Ships can enter the Sea of Japan from the East China Sea, the Pacific Ocean, and the Sea of Okhotsk through five straits that vary significantly in both width and depth. In the far north the Strait of Tartary lies wedged between the eastern coast of Siberian Russia and the western coast of Karafuto; the aforementioned La Pérouse Strait gives access to the Sea of Japan from the Sea of Okhotsk; the twisting, narrow Tsugaru Strait sits between southern Hokkaido and northern Honshu; the Shimonoseki Strait separates southern Honshu from northern Kyushu; the Tsushima Strait, between the southern tip of Kyushu and the southeastern coast of Korea, is divided into eastern and western channels by the fortresslike Tsushima Island. Lockwood and Voge knew that the mission they had in mind would not be easy to execute nor free of risk. On the contrary, they knew that the natural and man-made obstacles lurking in the straits might be a death trap for submarines.
Voge had studied the intelligence reports supplied to ComSubPac by ICPOA (Intelligence Center, Pacific Ocean Areas), the Pacific Fleet's intelligence-collection operation based at Pearl Harbor. The reports convinced Voge that all five straits were patrolled by antisubmarine aircraft and patrol boats and sown with antisubmarine mines. Moreover, ICPOA believed that shore batteries lined both sides of the narrow Tsugaru and Shimonoseki straits. As for the Strait of Tartary, its northernmost approaches from the Sea of Okhotsk were often icebound a good part of the year. Russian destroyers patrolled the southern end of the strait.

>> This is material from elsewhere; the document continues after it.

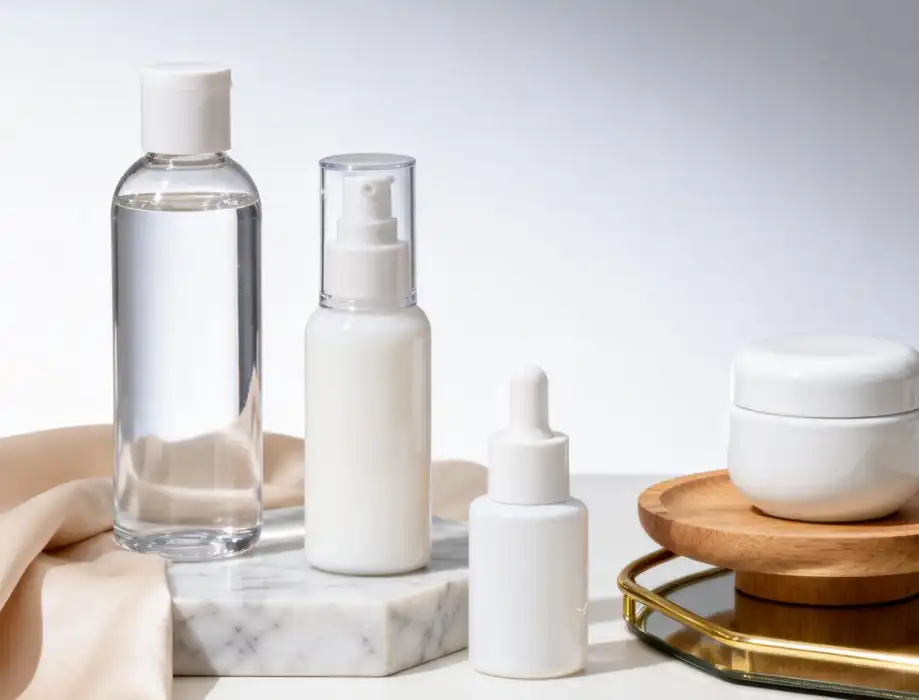 Hydrolyzed Pearl Powder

Voge presented his findings to Lockwood. Declaring the Tsugaru, Shimonoseki, and Tartary straits unsuited for passage by submarines, Voge and his boss gave the Tsushima Strait and La Pérouse Strait a close look.
Because Tsushima was wider than the other four straits and had a deep-water trench, it seemed to be an ideal entry point for submarines. The problem with it was that ICPOA had little in the way of solid intelligence regarding the size and density of the minefields sown in the strait and its approaches. To further complicate matters the Tsushima Strait had a unique hydrographic feature known as the Kuroshio Current, the Japan Current, sometimes called the Black Stream for its deep blue color.